Blind Source Separation: Audio Examples

The audio-files have been updated with the new proposed algorithm combining TDD - algorithm and ICA (see ICASSP'98 paper).

1. Speech - Music Separation

A speaker has been recorded with two distance talking microphones (sampling rate 16kHz) in a normal office room with loud music in the background. The distance between the speaker, cassette player and the microphones is about 60cm in a square ordering. (All files are in 16kHz wav-format).

2. Speech - Speech Separation


A real Cocktail Party Effect . Two Speakers have been recorded speaking simultaneously. Speaker 1 says the digits from one to ten in English and speaker 2 counts at at the same time the digits in Spanish (uno dos ... ) The recording has been done in a normal office room. The distance between the speakers and the microphones is about 60cm in a square ordering (sampling rate 16kHz). (All files are in 16kHz wav-format).

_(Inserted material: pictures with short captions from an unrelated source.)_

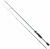 Спиннинг Favorite Blue Bird BB-632L-S 1.92m 3-12g 4-6lb Ex-Fast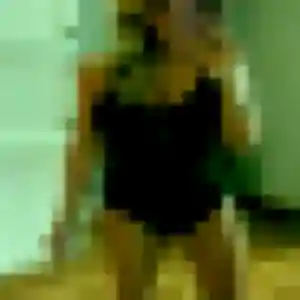 Zelie (30 ans) à Polincove propose une rencontre aujourd'hui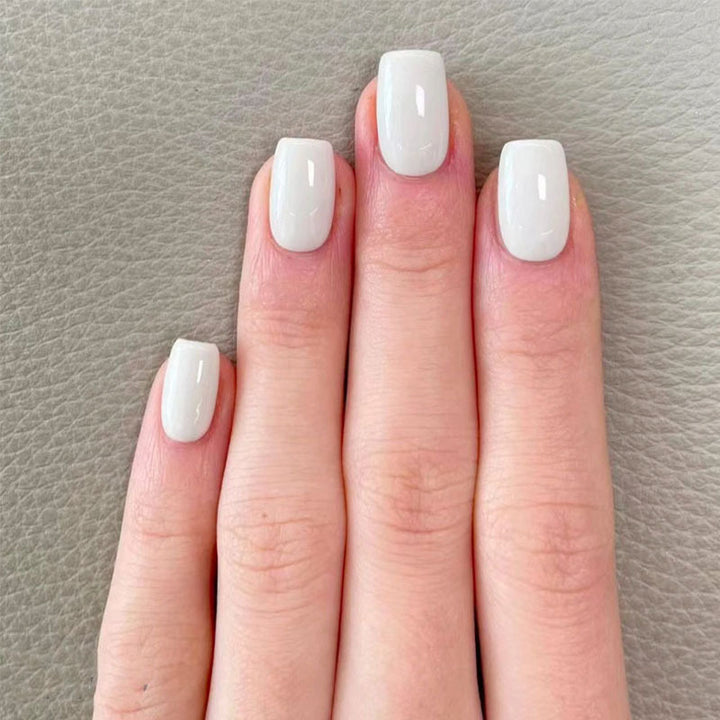 Creative Nail Art Design Collection Stornfield
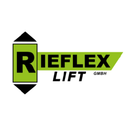 RIEFLEX LIFT GmbH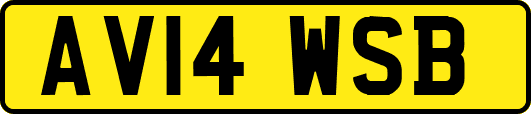 AV14WSB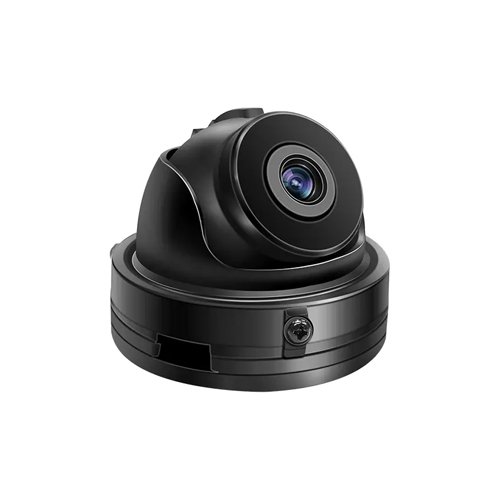 V6 - 4G Dash Cam - 6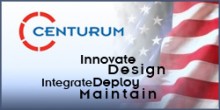 centurum BANNER AD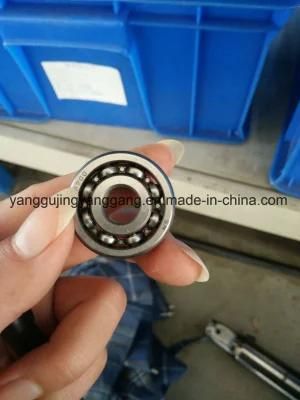 Concrete Vibrator Parts Jyg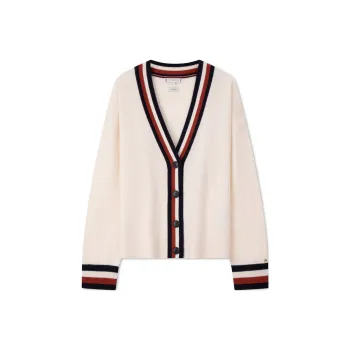 Tommy Hilfiger Sweaters Women's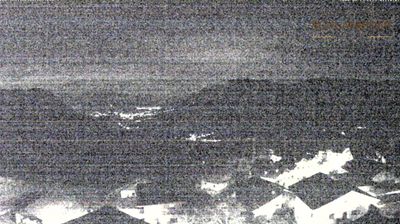 immagine della webcam nei dintorni di Parcines: webcam Meltina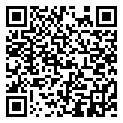 QR Shortcut
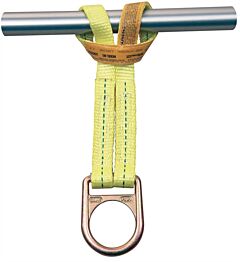 Capital Safety 1201390 Dbi Sala Web Scaffold Choker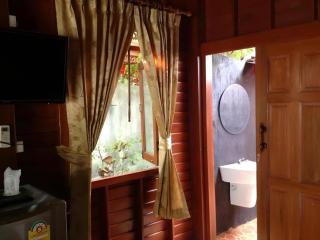 River Park Resort - 2
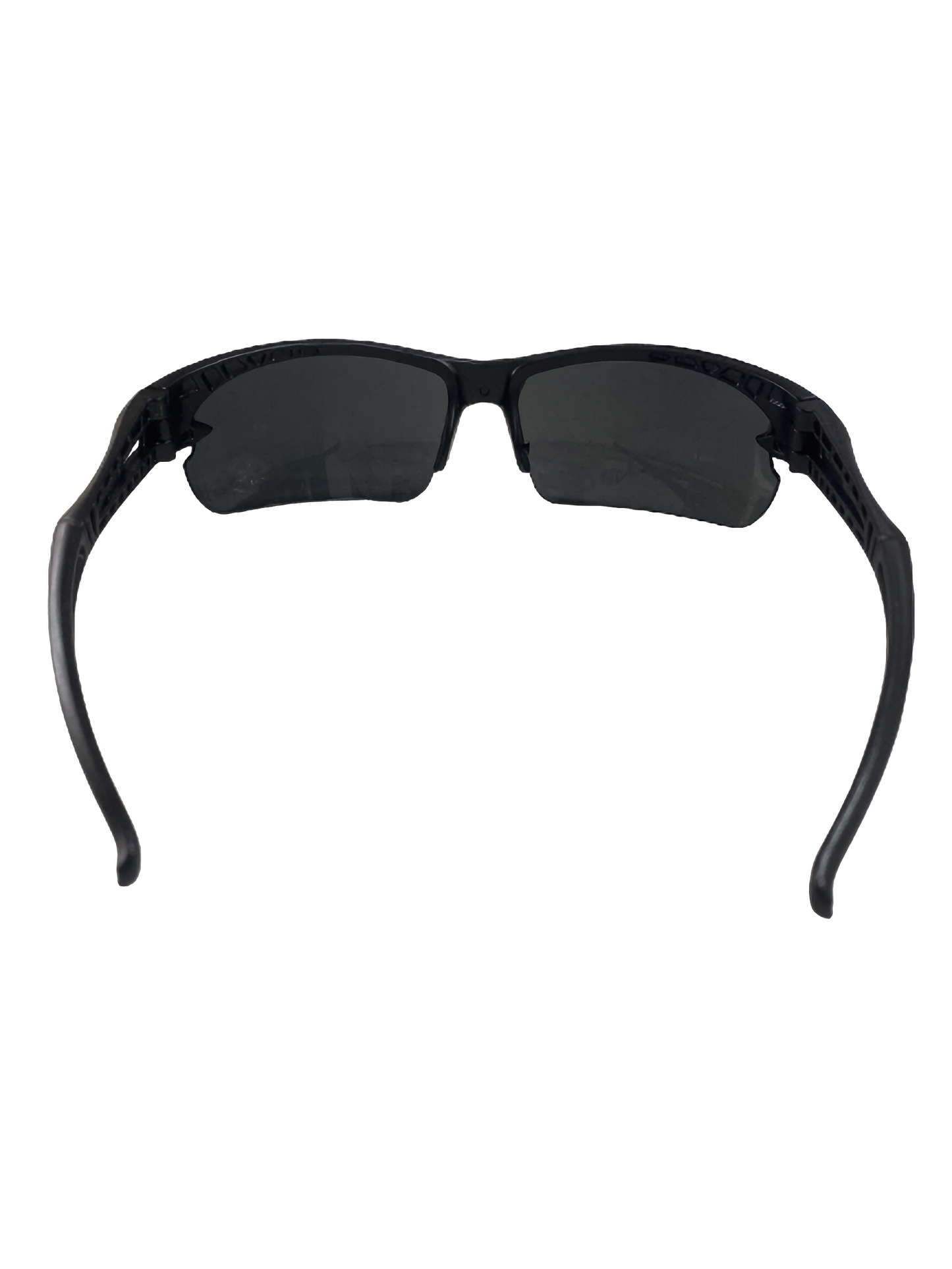Lentes Deportivos Ciclismo Mtb Ruta Uv400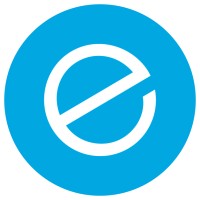 ROSEPH logo - Similar company to Sphere
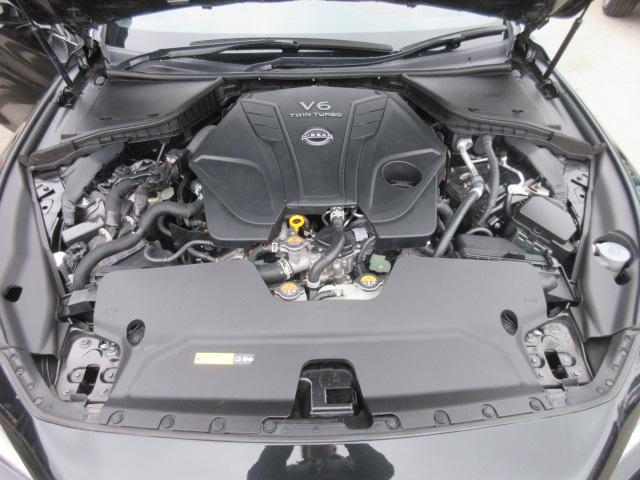 0561088A30260228W00115.jpg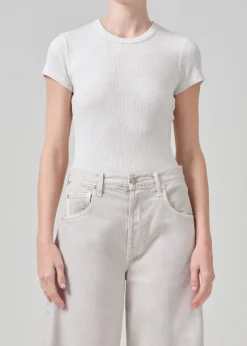 Nello Tee
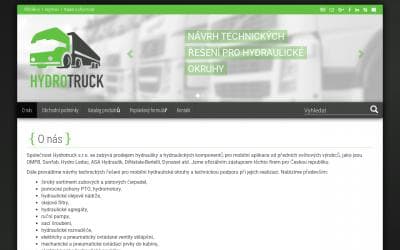 www.hydrotruck.cz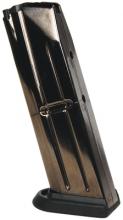 FN-Herstal 66330-4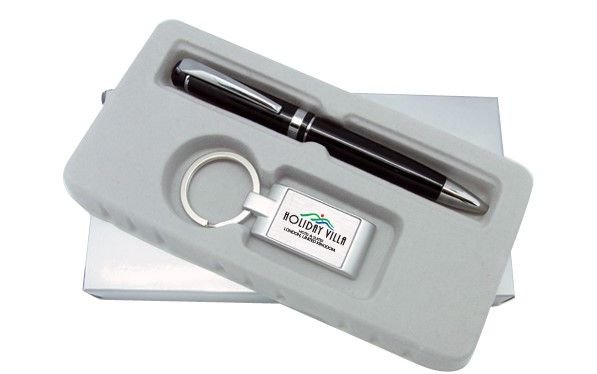 aln_ae's tweet photo. #CorporateGifts #AbuDhabi #UAE #Giveaways #PromotionalProducts #YourLogoOnIt #PromoteYourBrand #MarketingStrategy #MarketingIdeas #FollowMe https://t.co/n5W1L6uUJX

3. Speech - Speech Separation in difficult environments


A real Cocktail Party Effect II . Two Speakers have been recorded speaking simultaneously. This time the recording was in a conference room ( 5.5m by 8m ). The conference room had some air-conditioning noise. Both speakers are reading a section from the newspaper for 16sec. The mics were placed 120 cm away from the speakers. (sampling rate 16kHz). (All files are in 16kHz wav-format). The unmixing filters need to be sufficiently long. We used a filter size of 2048 taps for each filter.